The donkey that came in with colic yesterday did not make it. We continued supportive therapy today, but it was too little too late. On necropsy, we found that most of the small intestine was compromised and necrotic. The lesion was such that surgery early in the course of the disease would have been the donkey’s only chance at survival. I got a bit frustrated by having to stand back and watch the disease progress without the proper equipment to make a definitive diagnosis or the ability to do anything to possibly save the animal’s life.
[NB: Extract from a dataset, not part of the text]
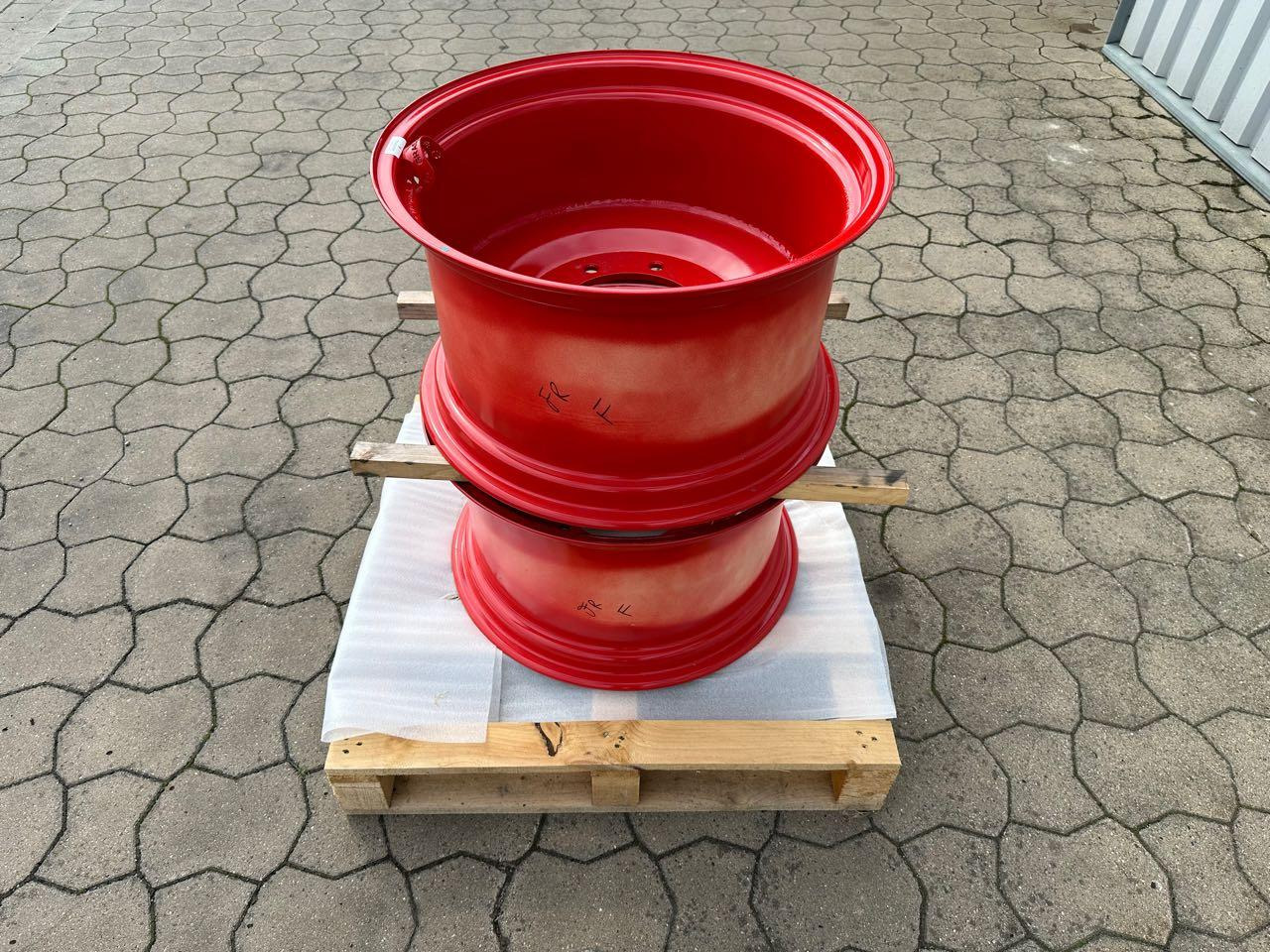 Grasdorf Felgen 14 x 24/W ET -80 - Ζάντα: φωτογραφία 2 Grasdorf Felgen 14 x 24/W ET -80 - Ζάντα: φωτογραφία 2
However, some good can come from this case: the other vet students and I, who watched and followed the animal’s clinical signs as the disease progressed, have found a new appreciation for what we will be striving to prevent in our own animal patients in the future. We have now seen a case of small intestinal strangulation progress without surgical intervention and correlated our clinical observations with the ultimate findings on necropsy.
Several more colics came in today. I wonder if the recent increase in colic cases has something to do with the unusual weather we’ve been having. I’m told it hasn’t been as hot as normal here for June (which doesn’t bother me personally). At sunset, there have been strong winds that are borderline cold! The colics we keep seeing are fairly mild, probably brought on by dehydration, and resolve with medical treatment.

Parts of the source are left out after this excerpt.